项目概要/摘要： 组蛋白3赖氨酸4（H3 K4 me 1）的单甲基化是与转录调控密切相关的染色质标记。 增强子和其他基因间调控元件;然而，这种组蛋白的功能意义 修改还有待证明。我们的实验室以前已经确定Trr和MLL 3/4是主要的H3 K4- 在果蝇和哺乳动物中分别有一种单甲基化酶。最近的全基因组关联研究 鉴定了trr人类直系同源物MLL 3和MLL 4，作为在多种人类中频繁突变的基因， 癌症，沿着其他COMPASS亚基。以前的工作已经确定，Trr蛋白是必需的， 调节增强子功能;然而，尚未测试Trr依赖性H3 K4 me 1在增强子中的作用 直接.为了解决这个问题，我们利用了一个胚胎隐性致死Trr-空等位基因trr[1]， 测试Trr依赖性甲基化酶活性的必要性。我们已经发现TRR[1]的致命性可以通过 表达其SET结构域含有催化失活（C2398 A）或催化失活（C2398 A）的Trr转基因， 过度活跃（Y2383 F）点突变。

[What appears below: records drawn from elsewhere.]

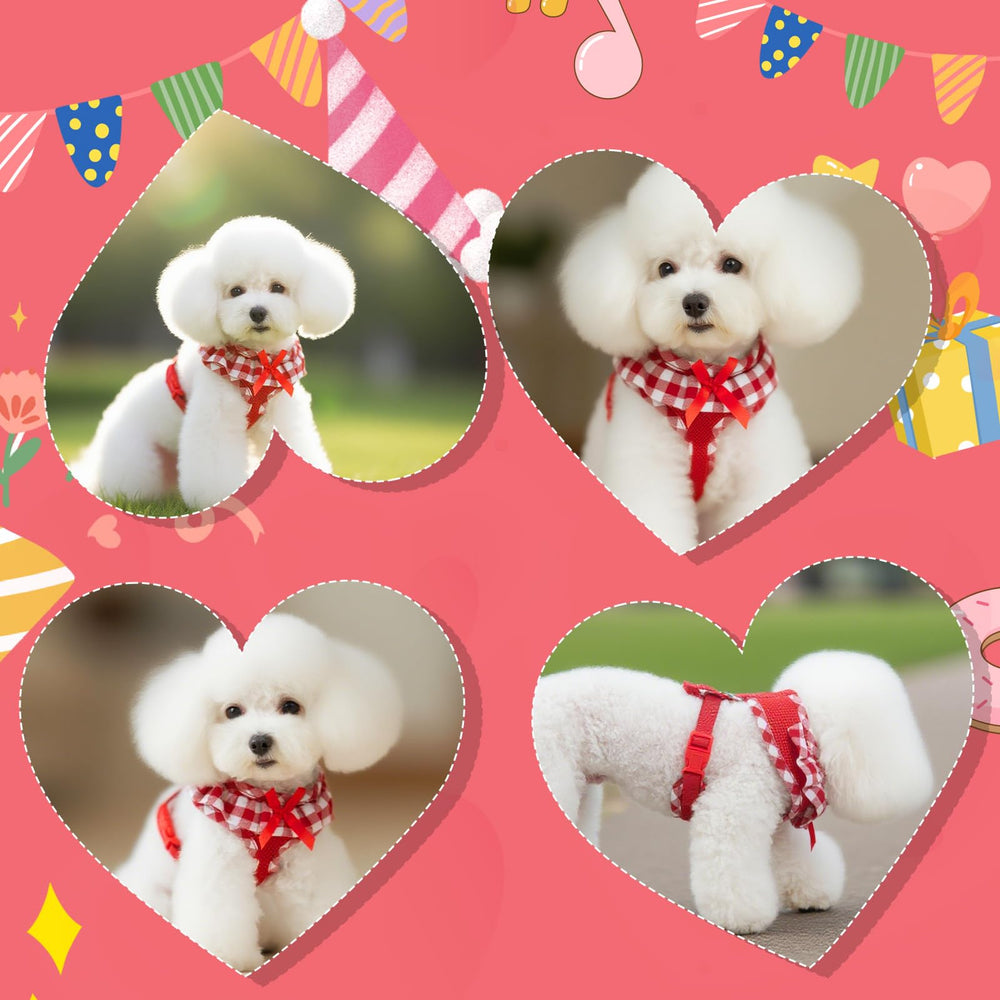 EXPAWLORER cute checkered pattern brightening outings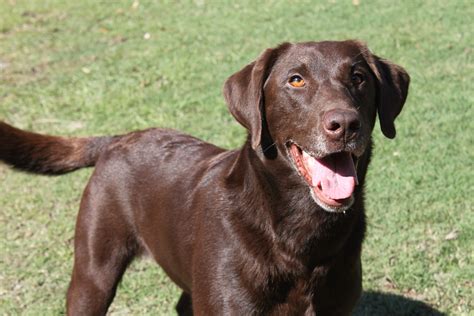  At Woods Ferry Labradors, they breed purebred yellow, black, chocolate, and white Labrador Retrievers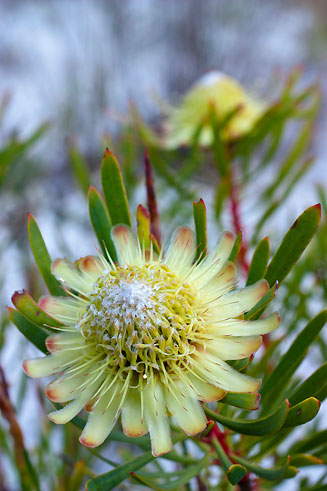 Protea pityphylla (Ceres sugarbush)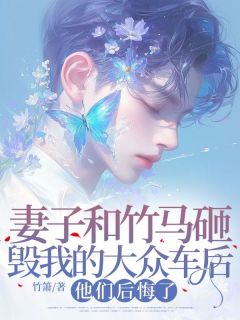 许斯年沈星希小说结局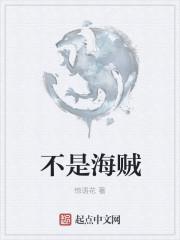 不是海贼王的海贼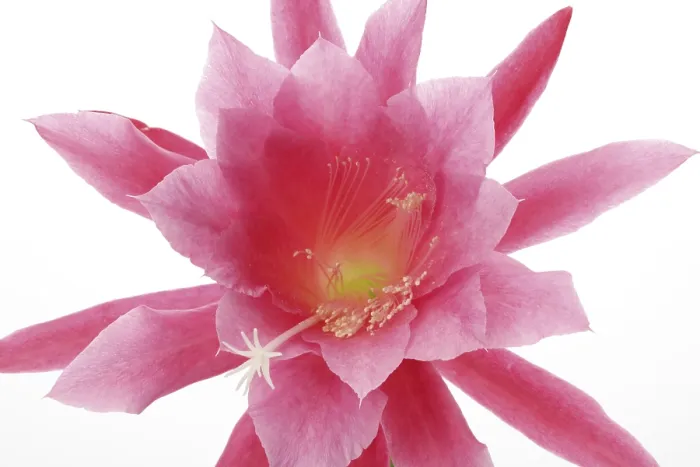 Gerahmter Druck : Kaktusblüten. Gerahmter Druck : Kaktusblüten.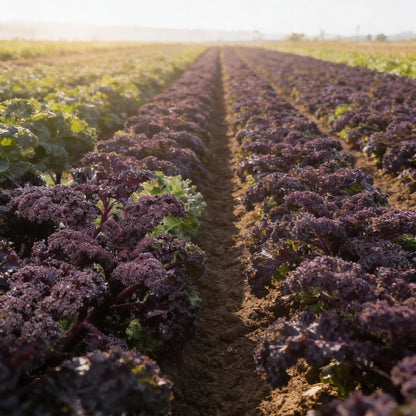 Redbor Kale Seeds for Home Gardens
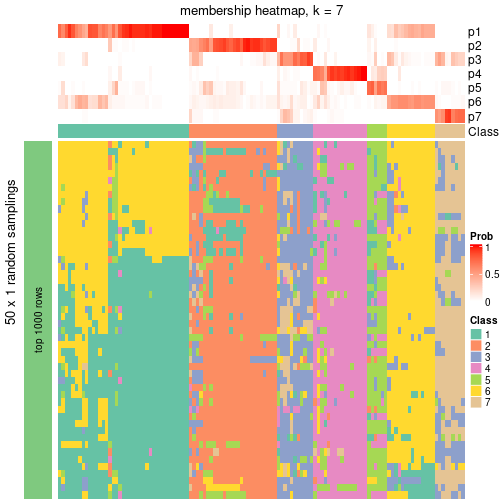 plot of chunk tab-node-04-membership-heatmap-6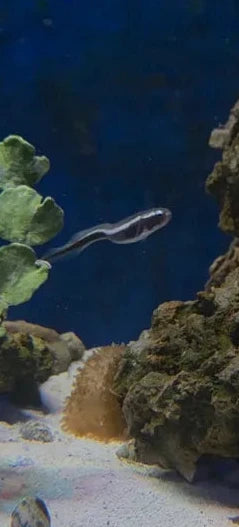 Engineer Goby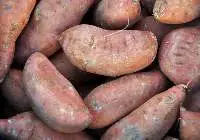 Sweet Potatoes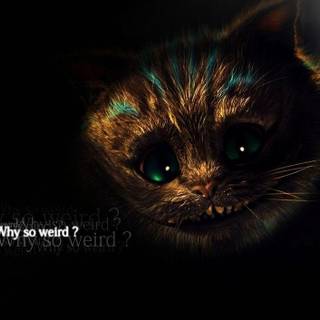 Cheshire Cat wallpaper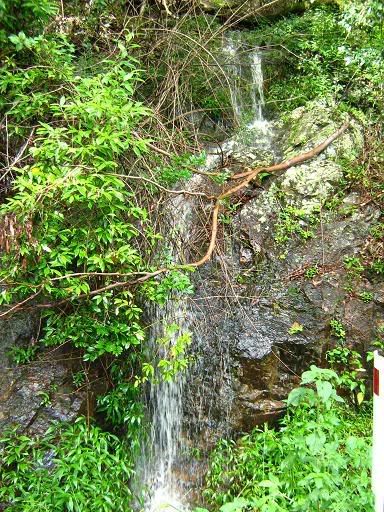 Roadside waterfall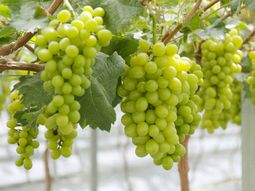 Exportaciones de variedades nuevas de uvas de mesa crecerán, alcanzando el 73% del total de los envíos Exportaciones de variedades nuevas de uvas de mesa crecerán, alcanzando el 73% del total de los envíos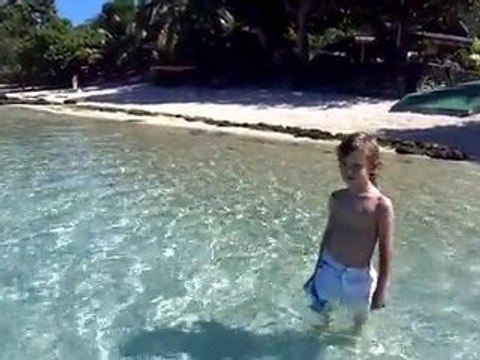 Polynésie française - Ile de Moorea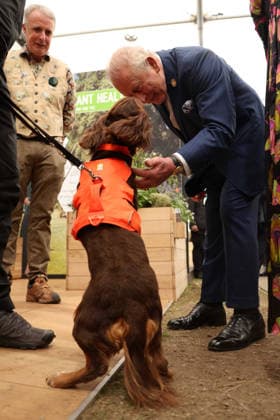King Charles III attends the 2026 RHS Chelsea Flower Show Britain s King Charles III on the press day ahead of the 2026 RHS Chelsea Flower Show in London on May 18, 2026., Credit:ADRIAN DENNIS PA ROTA - B68 Avalon United Kingdom, London  Copyright: xADRIANxDENNISx xPAxROTAx-xB68x xAvalonx 1100160359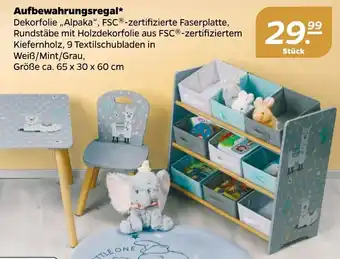 NETTO Aufbewahrungsregal Angebot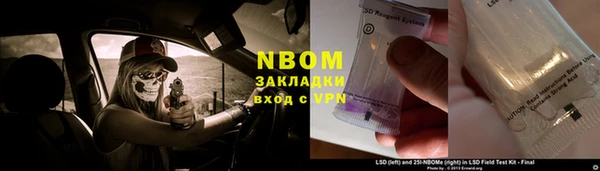 сатива Новозыбков
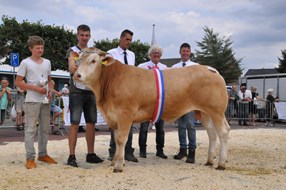 Orlando vd Woeste Hoeve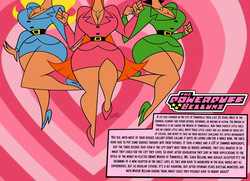 The Powerpuff Belles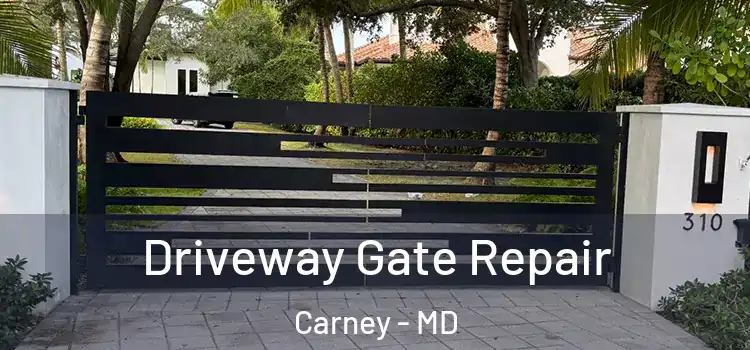 Driveway Gate Repair Carney - MD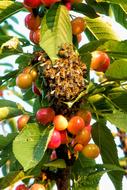 bright yellow-red cherry on a tree branch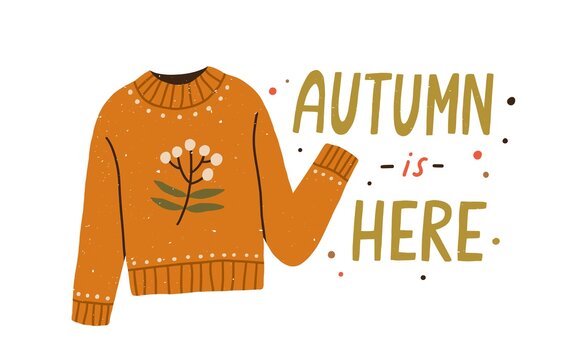 Autumn is here colorful lettering composition with warm knitted sweater vector flat illustration. Creative seasonal fall clothes decorated by branch with leaves and berries isolated on white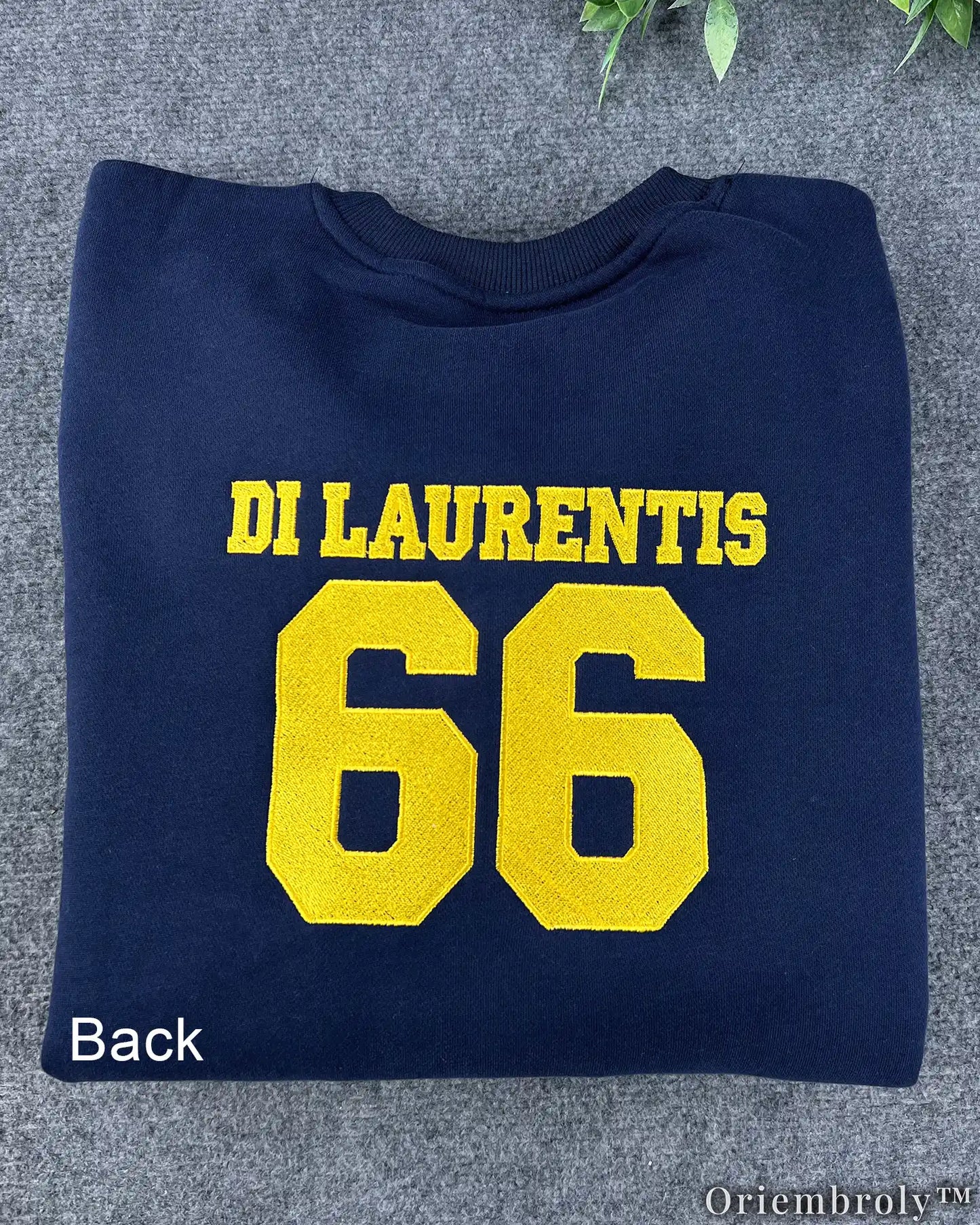 Briar University Di Laurentis 66 Embroidered Sweatshirt – Hockey Romance Crewneck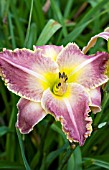 HEMEROCALLIS JUDY JUDY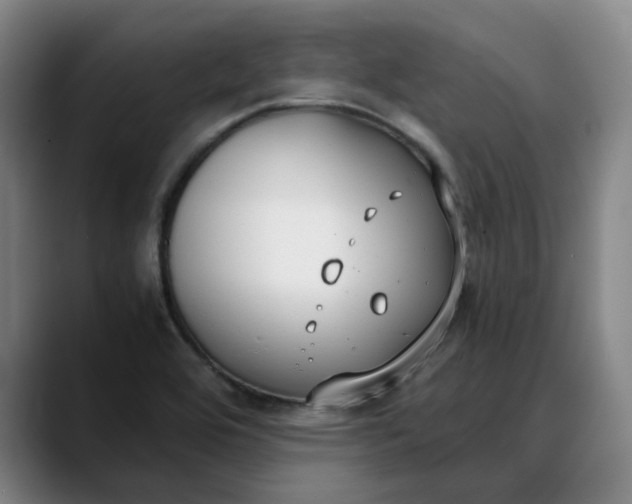 X0000088681464200706141345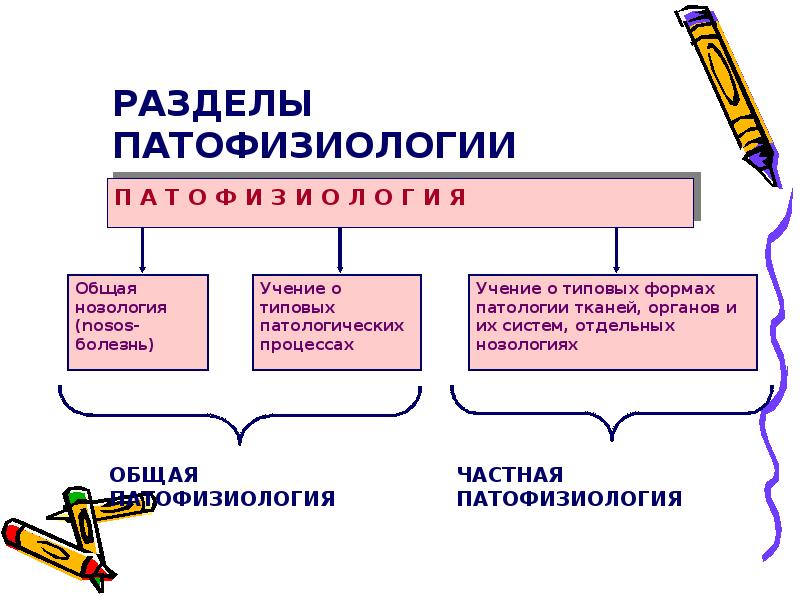 Презентация по патофизиологии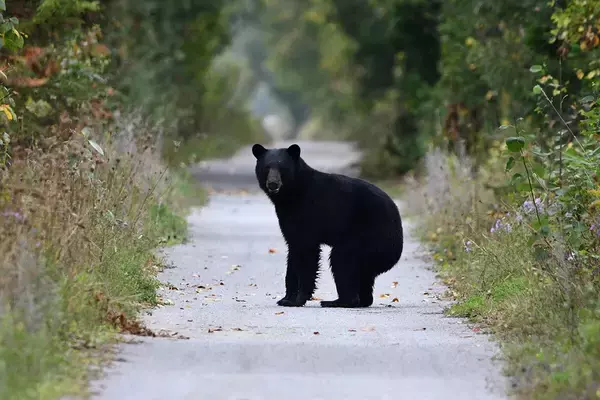 クマ先進国に学べ！　過去最悪の被害数を更新中の日本のベスト・クマ・オプション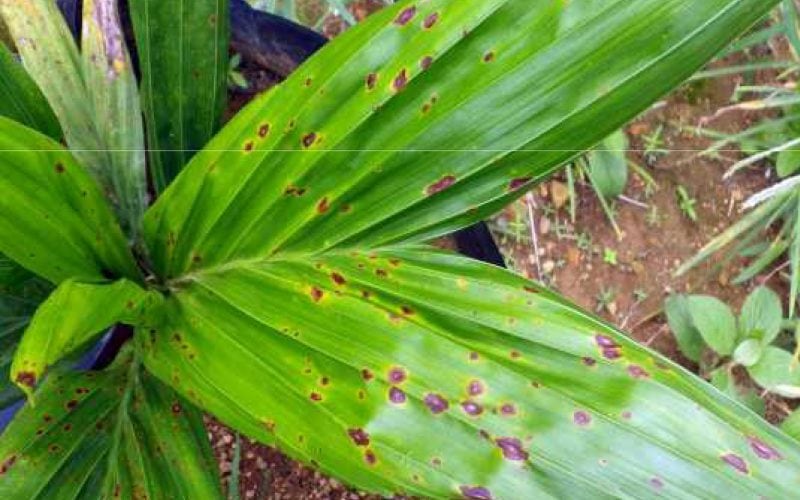 Mengenal dan Mengendalikan Penyakit Bercak Daun pada Bibit Sawit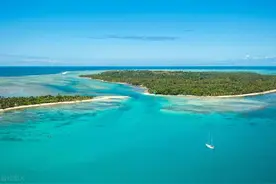 马达加斯加的四种神奇动物，最后一个少有人知道图片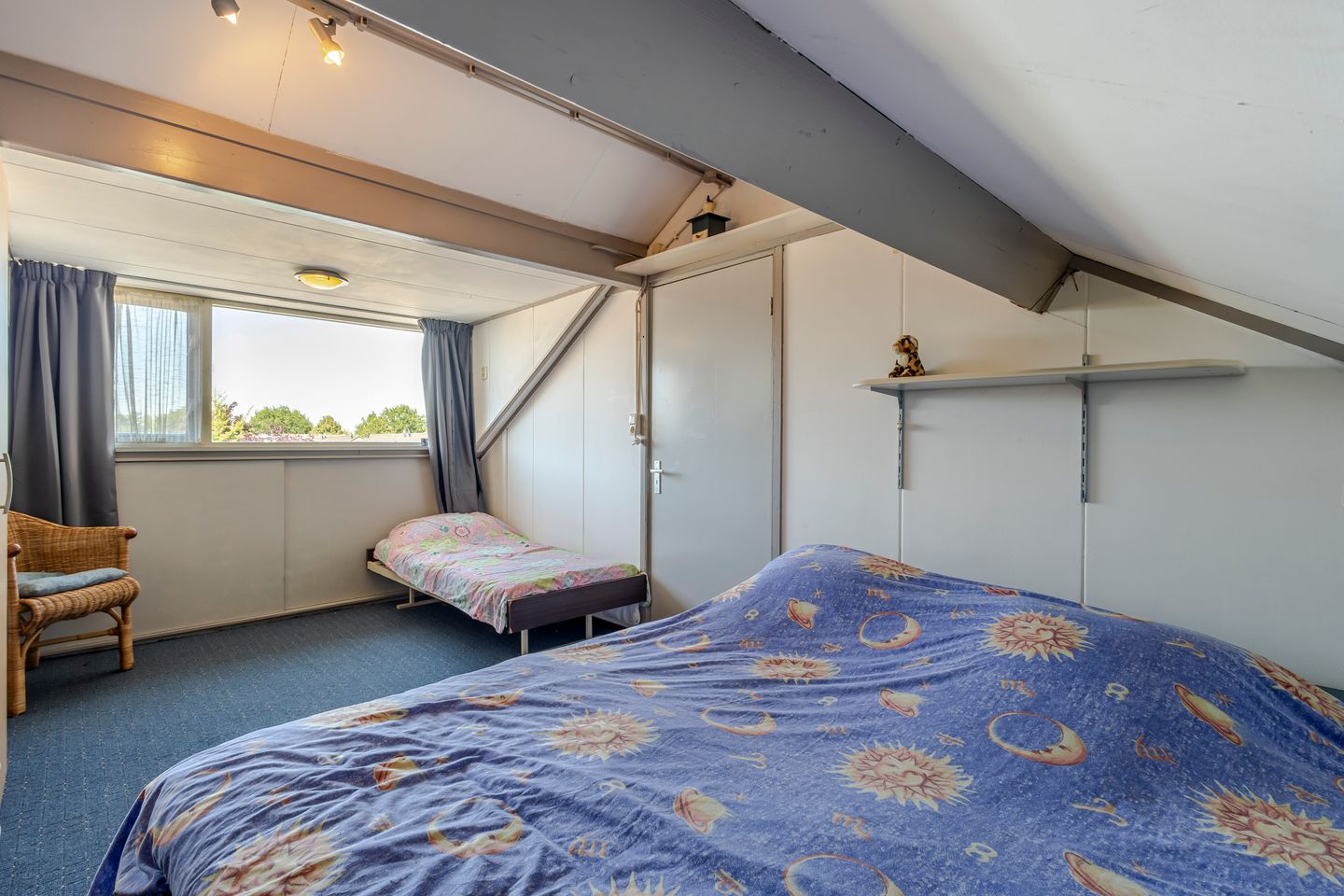 Foto 19 van Tureluur 23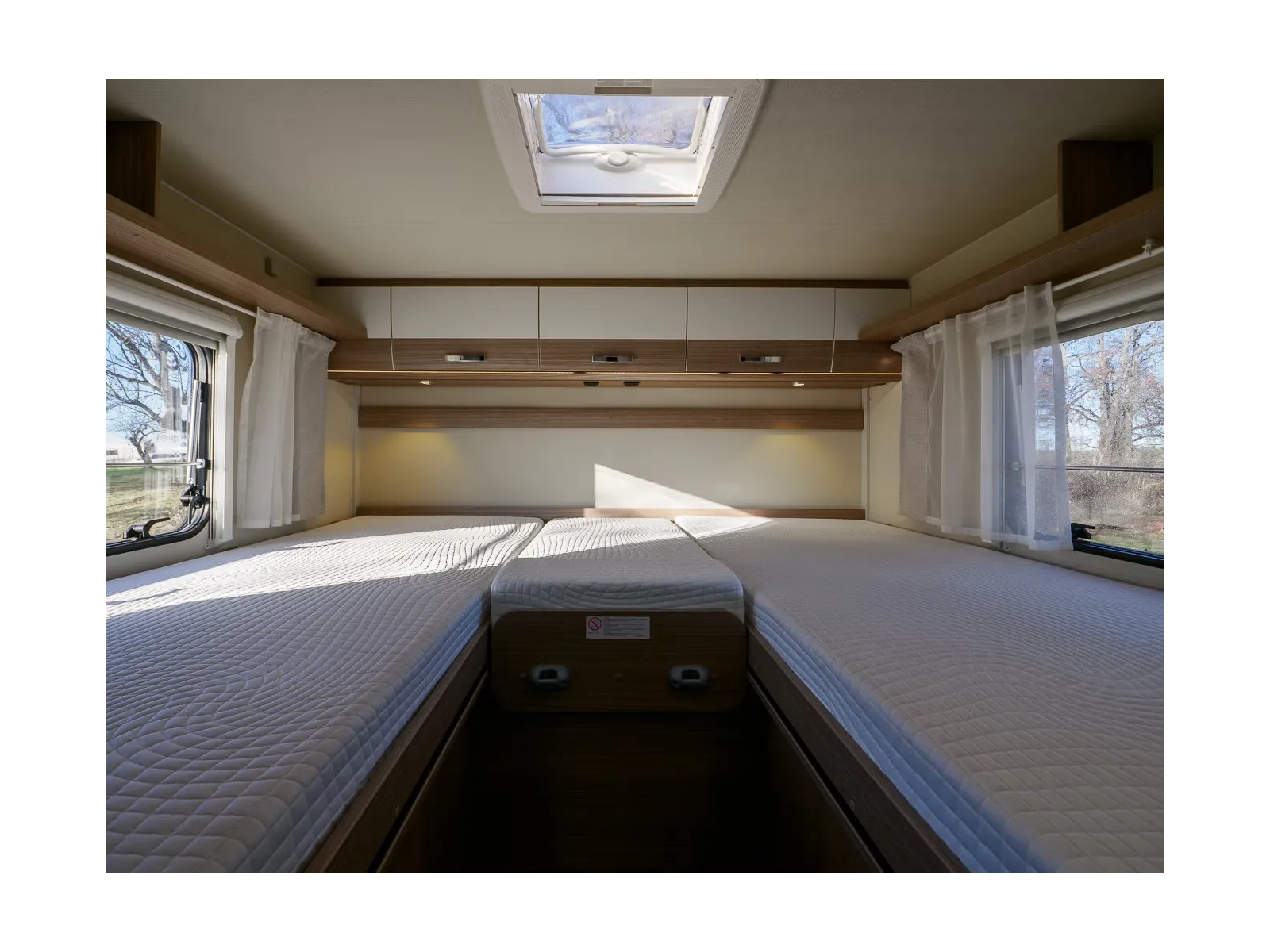 Carado T 447 Émotion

正如预期的那样，蛋白质印迹证实了H3 K4 me 1的显著减少 在催化死亡的突变体中，而催化过度活跃的突变显示出显著增加， H3K4me2/3。我们的ChIP-seq研究证实这些变化专门发生在增强子元件上。一边 从这些分子表型来看，这两个突变蝇系没有表现出明显的发育、生殖或 与对照trr-WT拯救线相比的行为差异。这些意见提出了三个 重要的问题：1）Trr依赖的H3 K4甲基化在果蝇发育中的作用，2） Trr在调节增强子介导的过程中的非酶功能是什么，以及3）非酶功能如何 MLL 3/4中发现的催化突变破坏增强子功能并导致人类癌症发病机制？通过 利用果蝇，其中MLL 3/4仅由一种酶trr代表，我将揭示 关于这些蛋白质如何调节增强子活性的基本细节， MLL 3/4的突变导致癌症形成。